Mud Bugs.....I like that. :lol:


----------



## Anish (Mar 6, 2009)

mfs686 said:


> Mud Bugs.....I like that. :lol:


When my middle son was about 3 he had shrimp for the first time over at his grandmas (my husbands side) and he decided that they were "sea bugs" :lol:. My mother in law was appalled but we thought it was hillarious! So to this day, they are still sea bugs. She also makes these awesome chicken pies that for whatever reason around the same age he decided they were called "toads". Again, appalled, again, the name stuck :lol:. Odd kid but he's really neat. :16suspect


----------



## Crappie 1 (Mar 15, 2011)

Either one of those June dates are fine, but I favor the 17th 18th & 19th. whatever is decided is fine with us...


----------



## RippinLipp (Sep 12, 2008)

Im surprised you guys have never heard them called mudbugs... They got the name because they are technically a bug and not a crustacean.. We've been calling them that for years.. If you would of held this shingdig dwn here i would of joined ya but its a little to far for me right now..
_Posted via Mobile Device_


----------



## RippinLipp (Sep 12, 2008)

Hey mfs686... Im dwn here in livingson co, if you want to learn how to make a trap and how to trap them let me know.. Ill be happy to help you out.. We'll go out on a weekend to my honey hole and load up on them.. I need to clear my pm box, ill get it done by Thursday.. Pm me then..
_Posted via Mobile Device_


----------



## Hunter333 (Jan 19, 2000)

*Date?* Anish, you brought it up so pick a date and stick to it, some will make it this year some will not but it is a start. 
*Place?* Campground with link? Sites to choose, "password" to let someone at the campground know that it is a MS gathering.

*Cost?* Launch, camping site, parking, vehicle entrance, etc. 

*My experienced thoughts on FIRST outings.... *
You wont please everyone
Keep things simple, don't over plan
Pick a date and place and STICK TO IT! 

If only 3 people show up that is OK, it is a start. Too many times members have tried to please "everyone" and it all ends up not happening. I must brag for a moment... Myself, Sarge, Bowdad, Curdog, Stalker, Trout, Nimrod, Salmonsmoker, and others I cant remember organized the FIRST MS outing. (just spent an hour reading through posts from the past... oh the memories....) I have attended many outings since then, some continue, most have not. The point is, create and outing and have fun, you can plan for another as life goes on.

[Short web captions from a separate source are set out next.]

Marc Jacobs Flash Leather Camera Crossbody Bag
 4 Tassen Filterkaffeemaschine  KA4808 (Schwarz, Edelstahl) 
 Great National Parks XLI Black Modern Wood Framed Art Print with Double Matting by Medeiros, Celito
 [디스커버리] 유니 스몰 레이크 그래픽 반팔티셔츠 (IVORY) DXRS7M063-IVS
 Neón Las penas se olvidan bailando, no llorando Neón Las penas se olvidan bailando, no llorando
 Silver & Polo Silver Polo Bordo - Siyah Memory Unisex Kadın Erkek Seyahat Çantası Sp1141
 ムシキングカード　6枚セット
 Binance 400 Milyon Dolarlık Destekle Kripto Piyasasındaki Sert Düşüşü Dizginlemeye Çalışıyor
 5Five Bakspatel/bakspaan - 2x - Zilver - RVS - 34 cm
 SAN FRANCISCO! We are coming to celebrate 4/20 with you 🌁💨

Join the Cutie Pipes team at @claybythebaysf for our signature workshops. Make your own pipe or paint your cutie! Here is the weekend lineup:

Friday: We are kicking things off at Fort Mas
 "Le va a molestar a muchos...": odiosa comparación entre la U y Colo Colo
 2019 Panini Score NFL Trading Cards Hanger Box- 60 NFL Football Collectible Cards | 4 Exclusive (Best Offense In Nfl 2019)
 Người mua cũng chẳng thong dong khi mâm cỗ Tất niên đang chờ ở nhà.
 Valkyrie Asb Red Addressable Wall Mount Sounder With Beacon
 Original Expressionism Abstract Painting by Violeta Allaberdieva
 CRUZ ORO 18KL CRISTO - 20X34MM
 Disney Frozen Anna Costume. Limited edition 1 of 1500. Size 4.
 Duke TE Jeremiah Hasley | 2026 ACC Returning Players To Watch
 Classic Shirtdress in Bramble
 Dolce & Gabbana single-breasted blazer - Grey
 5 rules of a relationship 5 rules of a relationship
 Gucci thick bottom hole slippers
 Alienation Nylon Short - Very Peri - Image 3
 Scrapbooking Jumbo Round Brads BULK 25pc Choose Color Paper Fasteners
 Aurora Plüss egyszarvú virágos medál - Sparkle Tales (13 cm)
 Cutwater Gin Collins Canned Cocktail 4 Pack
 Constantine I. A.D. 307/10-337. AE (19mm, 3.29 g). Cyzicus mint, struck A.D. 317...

We can make this a sticky in the outing forum once we have the basics. I am definitely interested in showing up and EATING as well as trapping some critters. Keep it going, this is how outings happen!! Did I mention that I would like to attend and EAT?


----------



## Anish (Mar 6, 2009)

Hunter333
Thanks for the info. I do realize that you can't please everybody all of the time (is'nt that just the way life is in general? :lol. I just wanted to give everybody a day time to throw out their input. I figured I'd see who bit first and where the interest was at before I took off with things. 
Posted all the details on page 2 post # 26 except the dates which I was just getting ready to do when I saw your post. I'd be happy to post a link but honestly everything I posted back on #26 is all the info there is. 
Not a whole lot to the campground other than that it's in an awesome place. 
As far as overplanning, trust me, I have NO desire to do that. Hey, I want to have fun too . Only reason I was wanting to do trap building demos is because I thought it would be good for the newbies. Anybody else who wants to do something is welcome to but, I'm not going to break a sweat if nobody wants to. I have a very "start when you get there, finish when youre done" type of attitude towards things. Read through #26 and you'll see where I'm coming from. 
Thanks again .


----------



## Anish (Mar 6, 2009)

OK, official dates of this thing are June 23, 24, 25. That's the weekend before the 4th of July. Any comments, questions, concerns, please feel free to PM me.


----------



## Hunter333 (Jan 19, 2000)

OK *DATE* is June 23,24,25* Campground* is Reedsburg Dam State Campground. Webpage link? Anything in particular that we should tell who we talk to when we call? Certain sites "reserved" for MS outing?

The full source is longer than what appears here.